岡本忠成作品集

 
 岡本忠成(おかもと・ただなり、1932〜1990)というアニメーション作家の名を知らなくとも、NHKみんなのうた「メトロポリタン・ミュージアム」(1984)と言えば、「ああ、あの可愛い人形アニメーション!」と思い出す人は少なくないだろう。
 それほどまでにこの作品は印象的で、現在でも、「みんなのうた」の好きな作品の上位にあがるほど人気がある。

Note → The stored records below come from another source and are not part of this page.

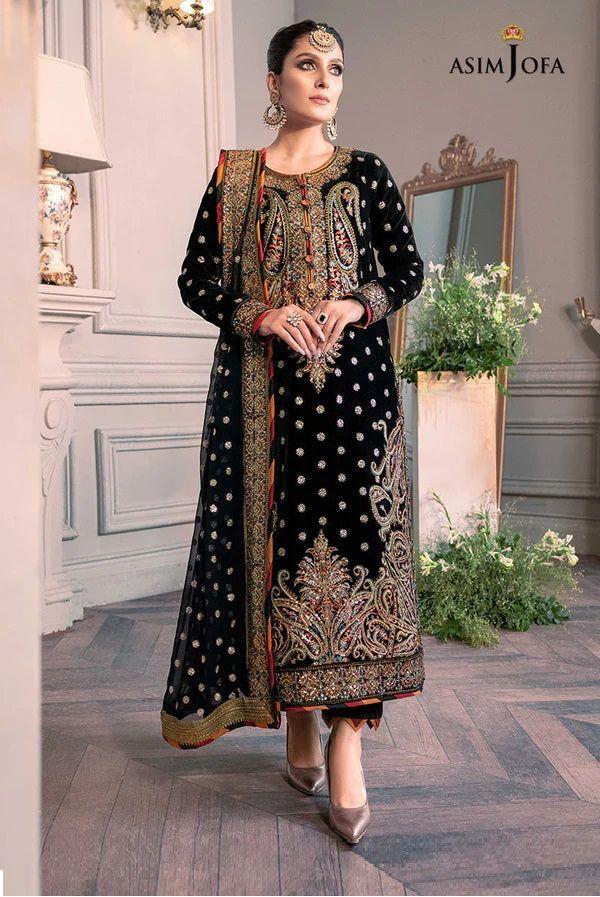 Asim Jofa Velvet Suit-Replica Suits-Replica Zone
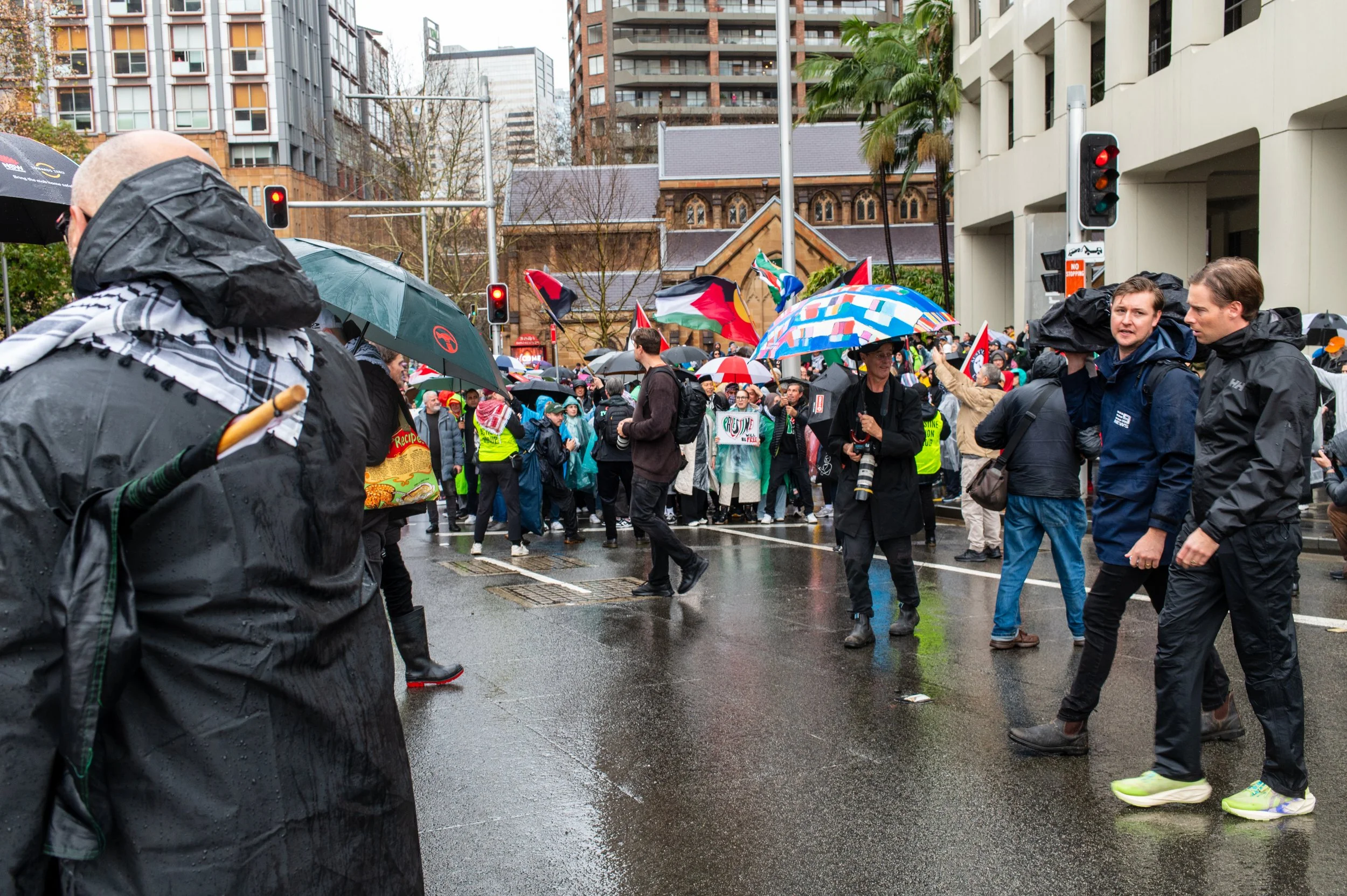 A crowd of people gathered on a rainy city street holding umbrellas, some with flags, during a protest or demonstration.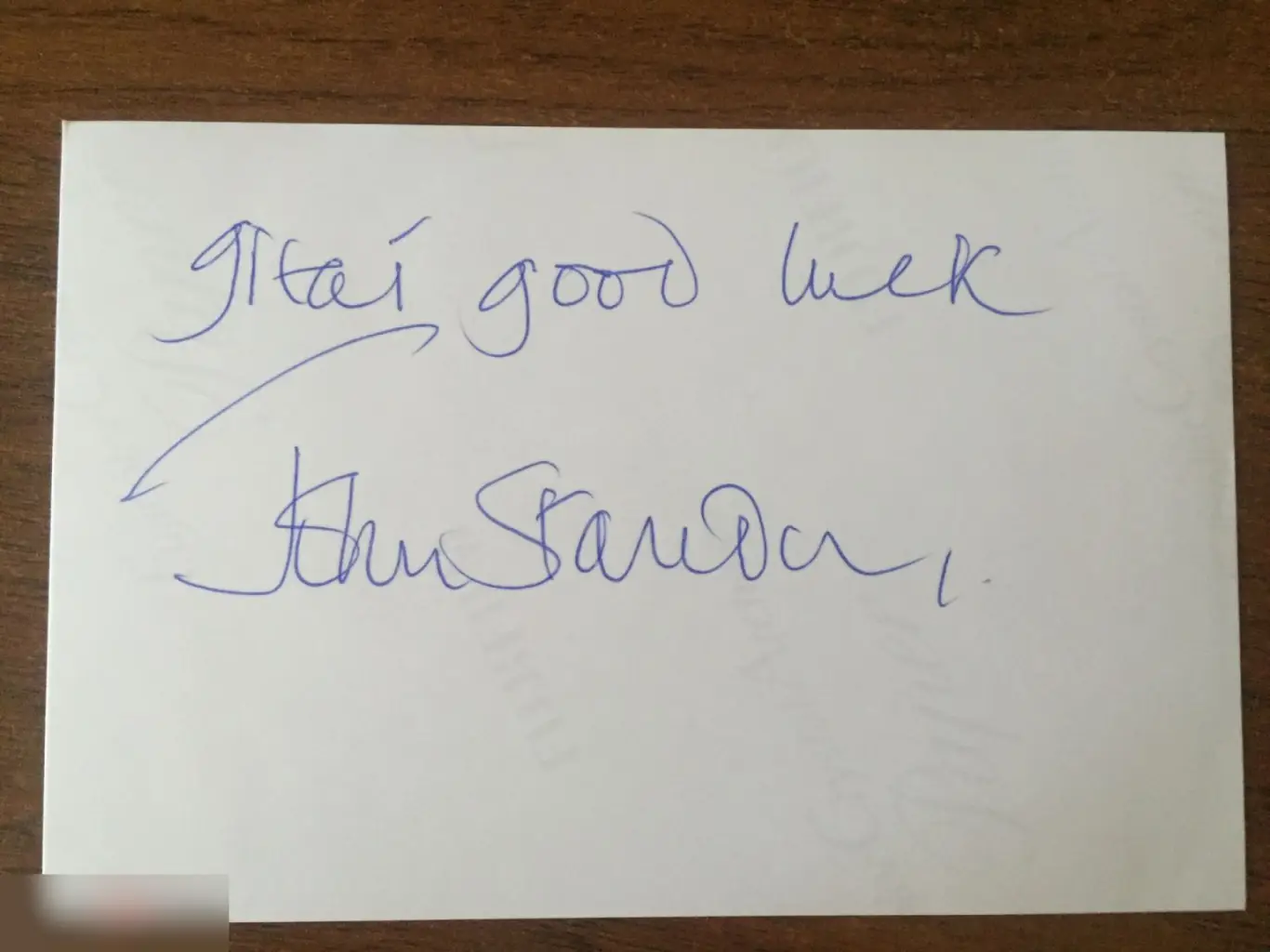 Джон Стэндинг автограф на фото 1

 今回紹介するムックは、「メトロポリタン」の作者であり、58歳の若さで急逝した岡本忠成の業績の全貌がまとめられた、唯一のムックである。
 
 ●「岡本忠成作品集」
  著 者: 杉山潔
  出版社: 角川書店
  刊行年: 1994年
  定 価: 3800円
 
 
 
 岡本の作品歴の最大の特徴は、その技法の多彩さである。
 平面(セル、水彩、マーカーなど)、半立体(毛糸、板など)、立体(人形)まで、アニメーションのあらゆる素材と技法を使い分け、「原作の雰囲気を伝えるために最良の素材と技法を選択する」姿勢が貫かれている。これほど多彩な「使い分け」をするアニメーション作家は、世界を見渡してみてもほとんどいない。
 「メトロポリタン・ミュージアム」が印象的なのは、岡本が「最良の素材と技法を選択した」結果だったのである。
 
 1970〜80年頃にかけて、7歳年上の人形アニメーション作家・川本喜八郎と双璧とされ、2人で主催した上映会「川本+岡本パペット・アニメーショウ」も継続的に開催(計6回)していたが、あまりにも早く他界したため、現在の人形アニメーションのブームに至れば約束されていた成功にも浴することはなかった。
 作品も、LDとVHSで発売されたが、全集ではなく、また現在入手困難である。せめて、DVDが発売されないものか。
 
 それよりも、この唯一のムックをきっかけとして、彼の仕事の全貌が再評価され、作品集が発売されることを強く望みたい。
 本ムックは、古書市場でもやや入手困難だが、まんだらけのような専門店では時々みかける。ほぼ全ページカラーで、作品図版豊富、関係者のインタビューも収録され資料性が高いため、ぜひ入手したい。